You were conditioned. Not broken. Conditioned.

The difference matters immensely. “Broken” implies a fundamental flaw, something wrong with the machinery itself. “Conditioned” implies a pattern that was learned, and anything learned can be unlearned, rewritten, updated.

Hardy’s framework gives you permission to do something radical: to look at your past self with compassion instead of contempt. That person was operating from the programming available to them at the time. They had not yet read the books you have read. They had not yet had the conversations you have had. They had not yet experienced the pain that cracked open new levels of understanding.

They were doing the best they could with what they had. This is not an excuse. It is a fact.

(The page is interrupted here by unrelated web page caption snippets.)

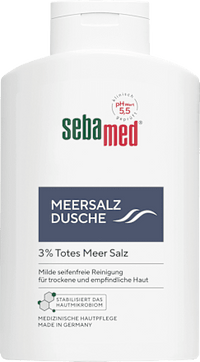 Douchegel met zeezout, 400 ml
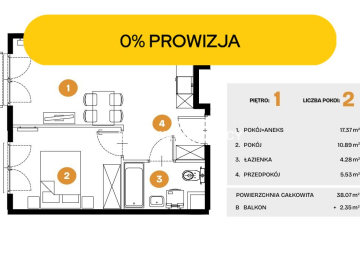 Nowe osiedle mieszkaniowe Bronowice 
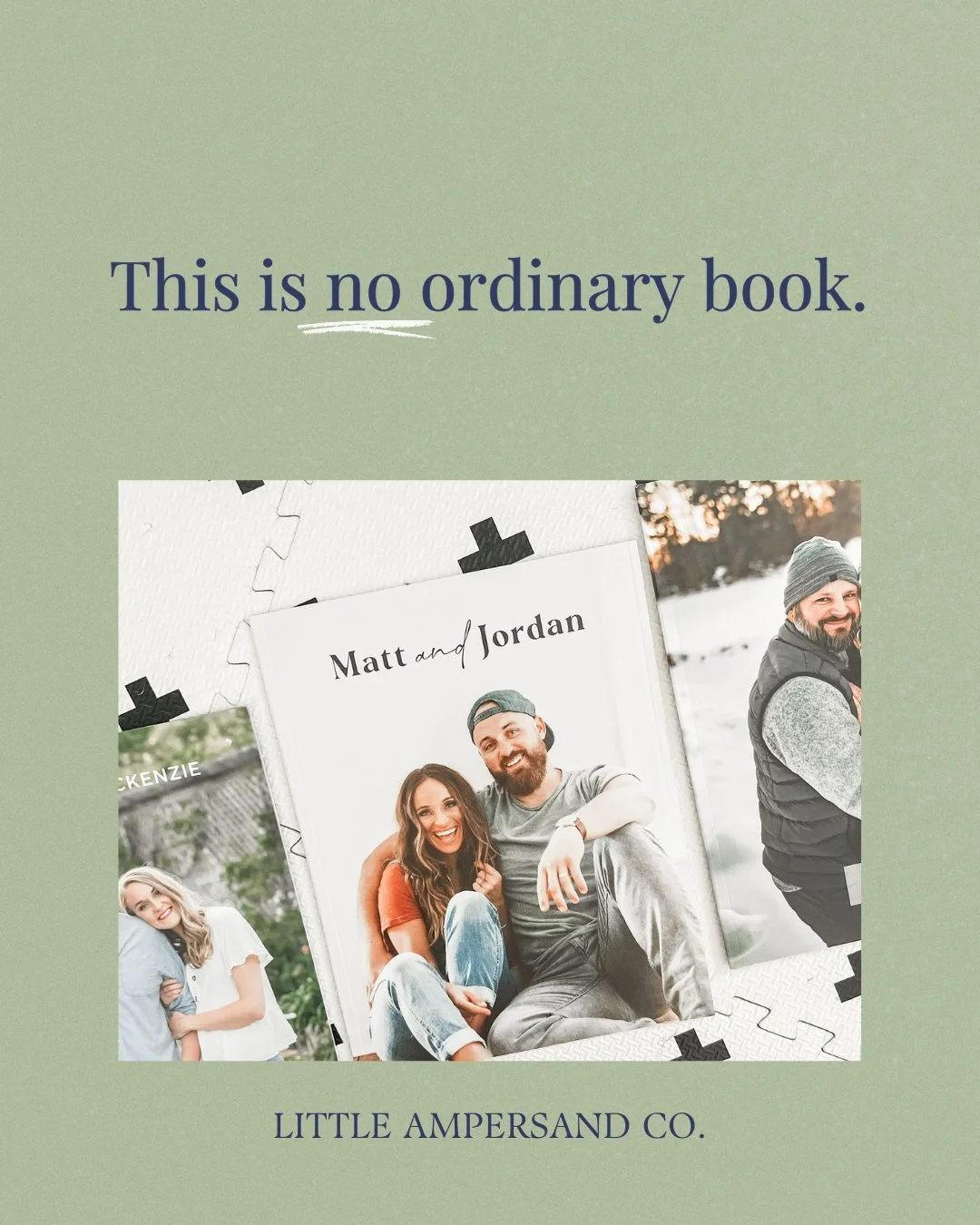 This is no ordinary book. 🫶🏼

Somehow it's meant to help an expectant mother picture her child in your life, and that is a delicate dance. You want to avoid missteps along the way, but this is unfamiliar ground. 

We believe the process of creation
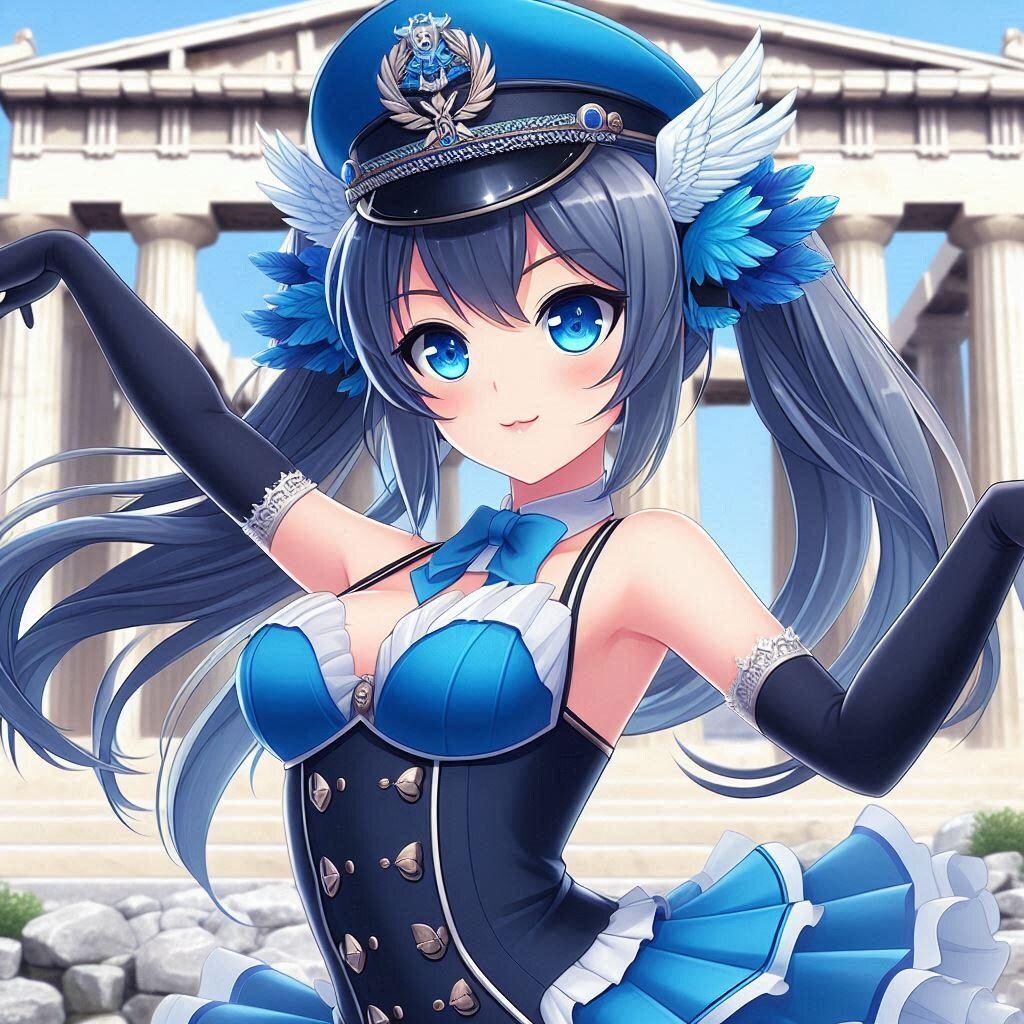 鉄道系魔法少女イオニア＆ラーラ・・・9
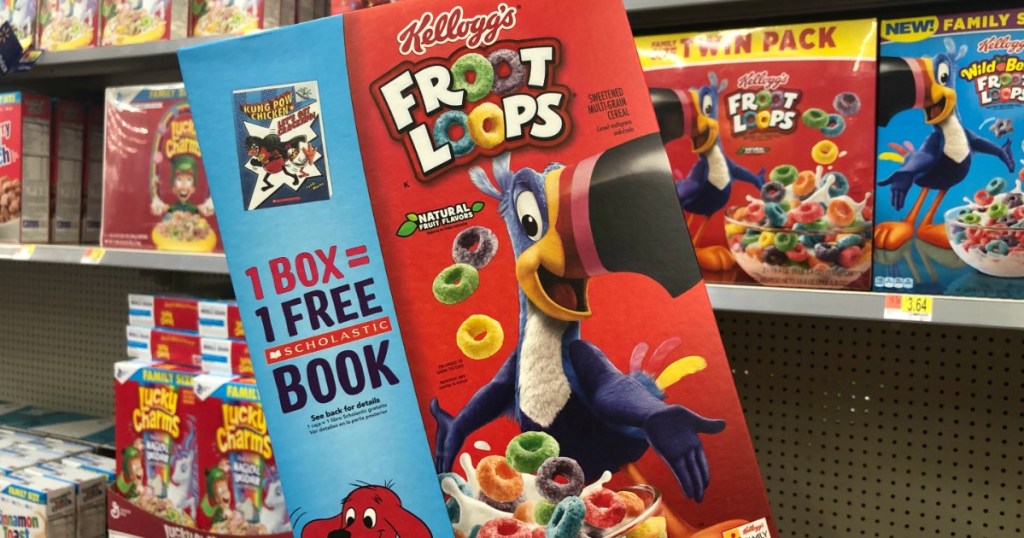 Up to 6 FREE Kids Books When You Buy Kellogg’s Products Score 2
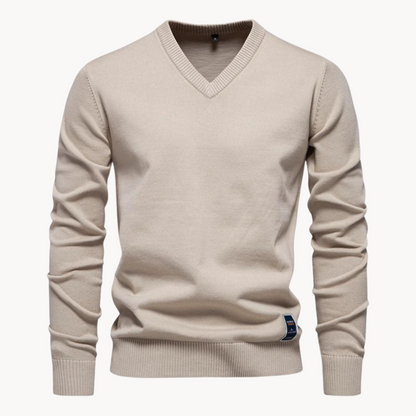 Nicola Cotton Sweater | BELIVITE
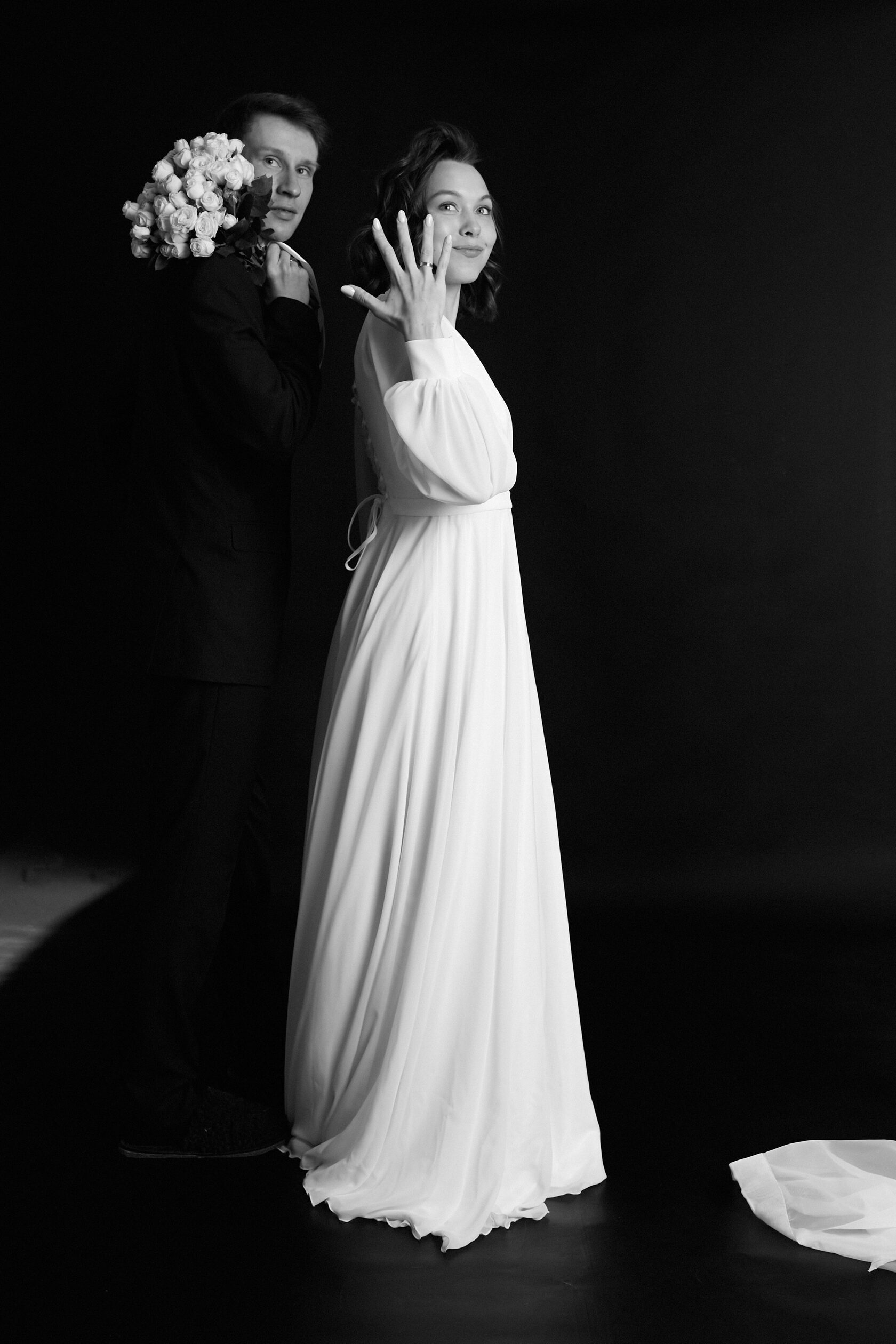 Фотосессия молодоженов 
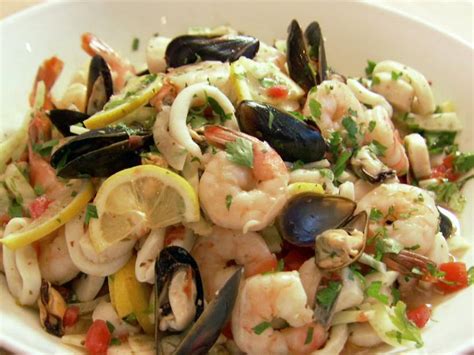 Cold Seafood Salad Recipe Italian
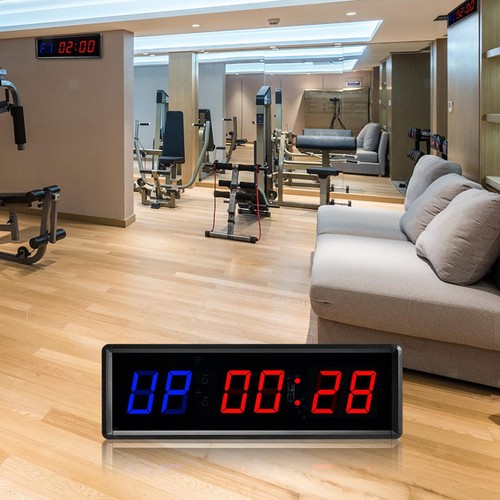Gym stoppuhr zoll led - stoppuhr,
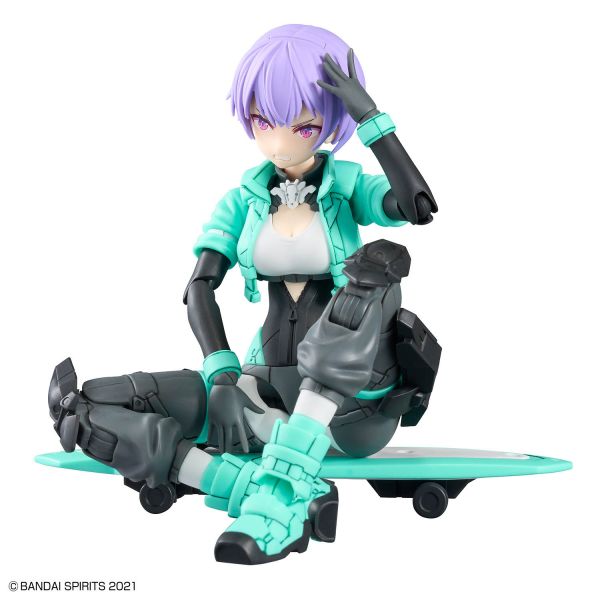 萬代 30MS 組裝少女輕作戰 SIS-V00 瑞迪拉 顏色A 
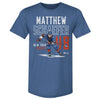 Matthew Schaefer New York I Name Number WHT by 500 LEVEL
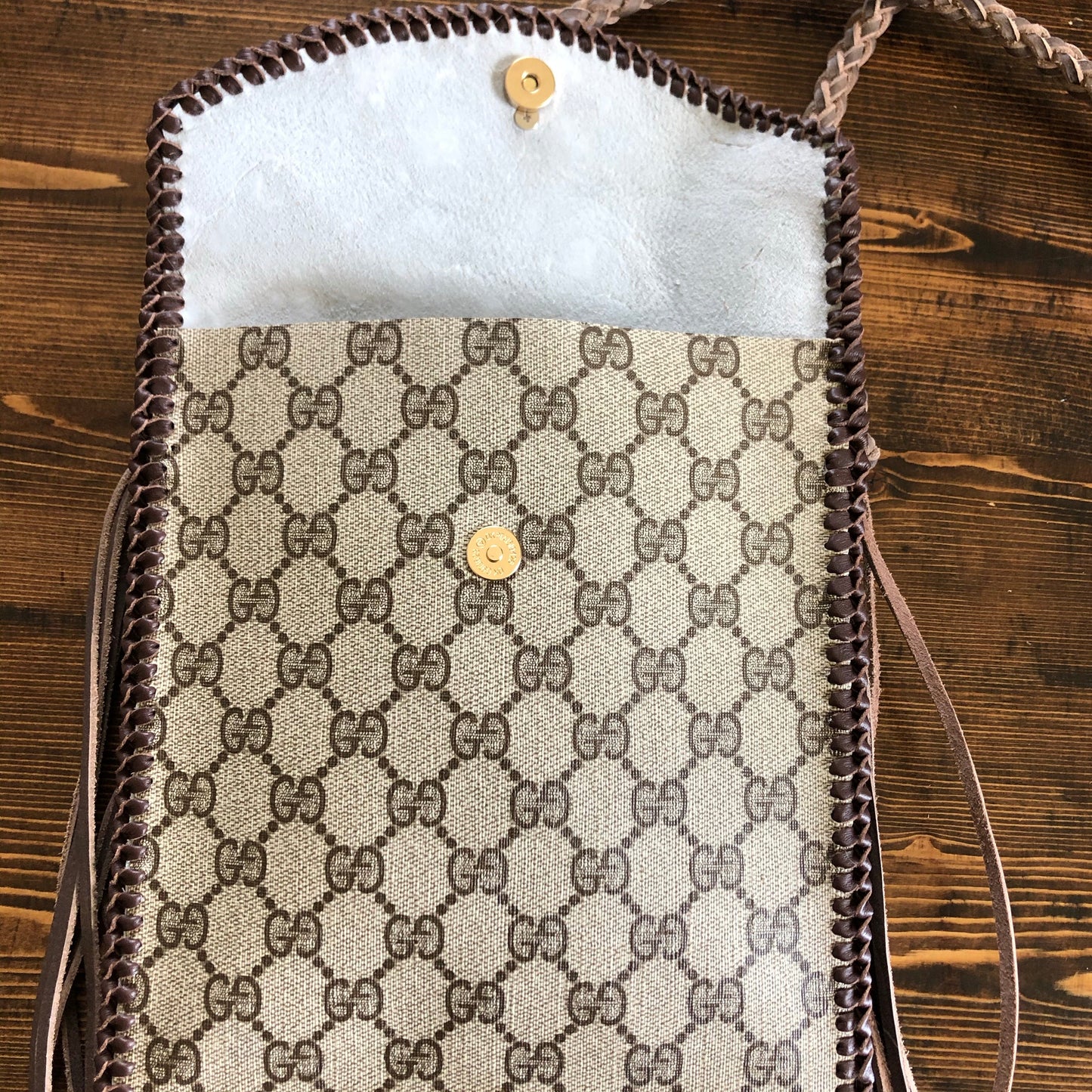 The Fringed Robin with Back Pocket -Orvis bags GG Crossbody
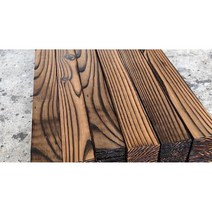 방부목 데크 합성 목재 나무재단 줄무늬 나뭇결 인조 DIY, 두께 3.5x 너비 13.5 길이 4m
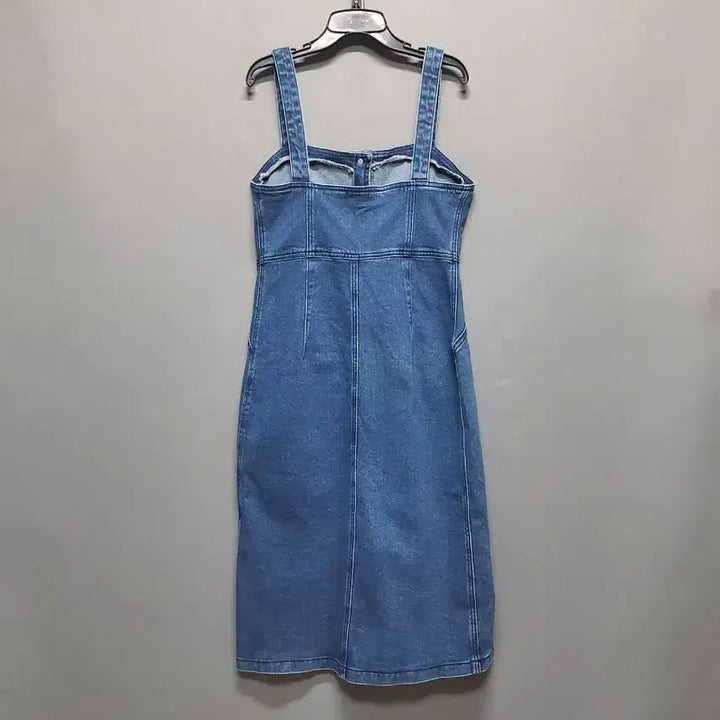 [SOLD OUT] LAP 스판 데님 뷔스티에 원피스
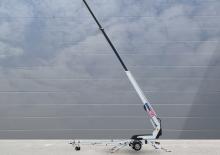 Монтирани на ремаркета телескопични подемници за стрели Dino Lift Dino 180T II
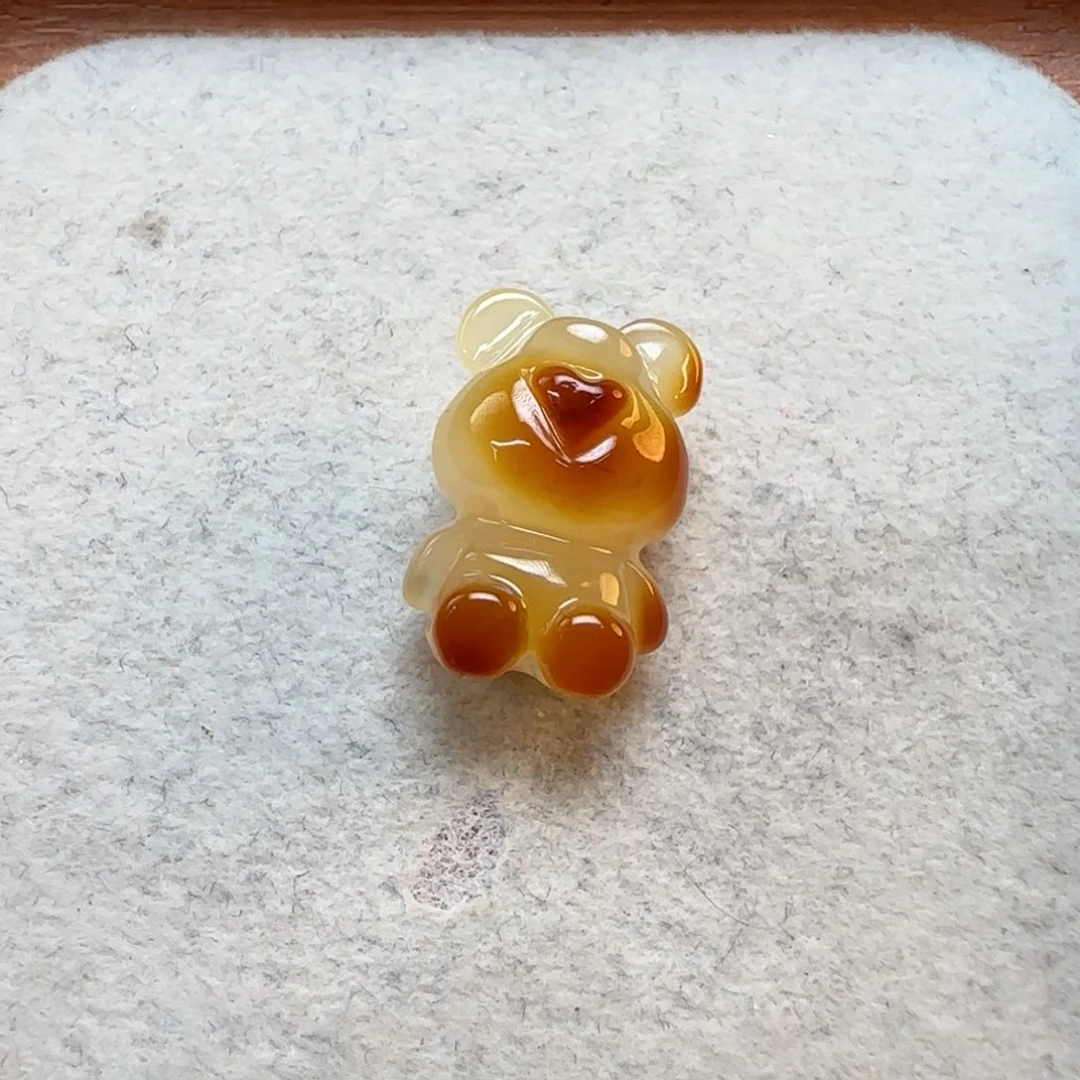 琥珀未镶嵌珠宝奇石定制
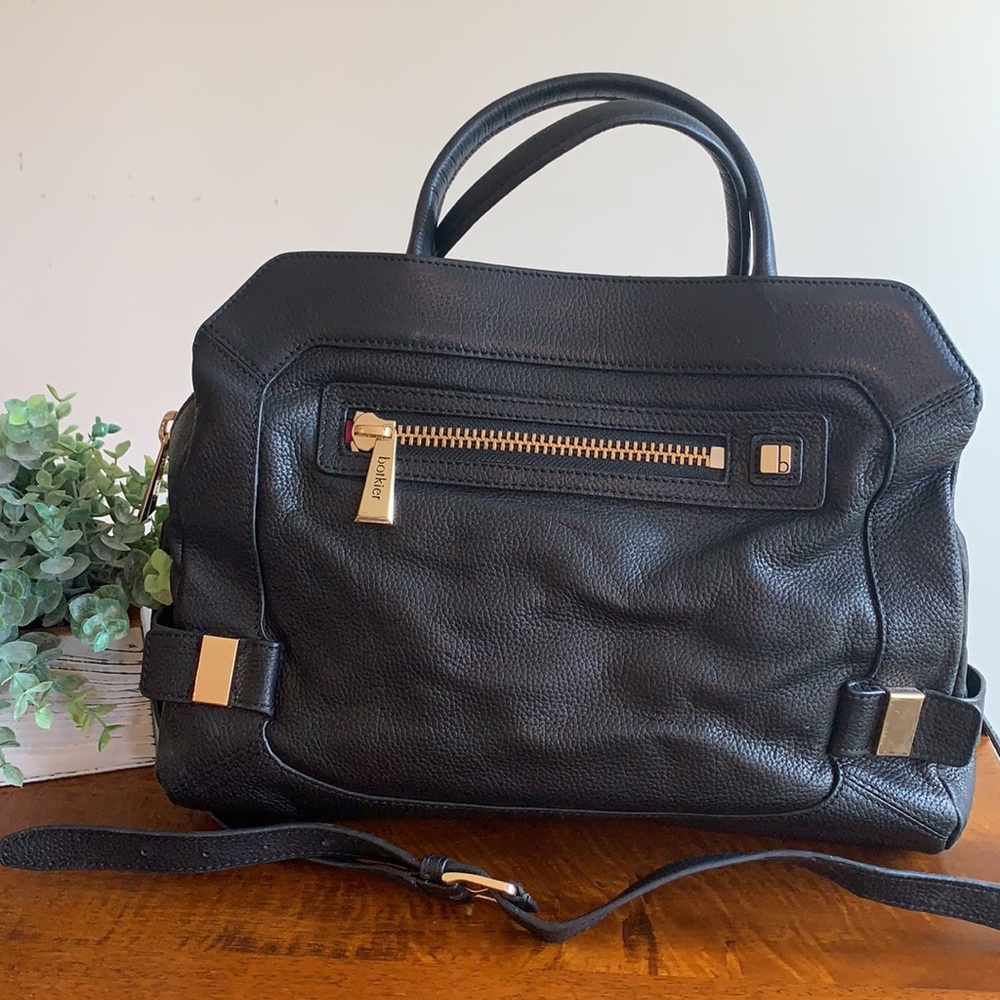 Botkier Black Satchel Bag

And here is the other side of it: you can rewrite the programming without hating the programmer. The parents who installed the guilt pattern were themselves conditioned by their parents, who were conditioned by theirs. The chain of conditioning stretches back further than anyone can trace. Nobody in the chain woke up one morning and decided to install a guilt program in a child. They simply passed on what was passed to them, unconsciously, automatically, without malice.

Understanding this does not mean you cannot be angry about it. Anger has its place. But understanding the mechanics of how the conditioning was installed can release you from the belief that someone deliberately broke you. Nobody did. The system was imperfect. The humans in the system were imperfect. And you absorbed the imperfections because that is what children do.

Hardy says your future self is the most important person in the equation. Not the past self who made the mistake. Not the conditioned self who absorbed the guilt pattern. The future self, the one you are becoming, the one who gets to decide what to carry forward and what to leave behind.

You were conditioned. Not broken. And the programming can be changed by the very person reading these words.

Frequently Asked Questions

What is the difference between being conditioned and being broken?

Being conditioned means your responses were shaped by experiences, environment, and repetition. Being broken implies something fundamental is wrong with you. The first can be updated. The second was never true.

Do we have free will if we are conditioned?

Benjamin Libet’s research showed that the brain initiates action before conscious awareness. This does not eliminate free will but reframes it. Freedom is not in the impulse but in the awareness that follows, the ability to override the program.

How do I change my conditioning?

Benjamin Hardy teaches that your future self, not your past self, should drive your decisions. When you act from who you are becoming rather than who you were conditioned to be, the old programs lose their power.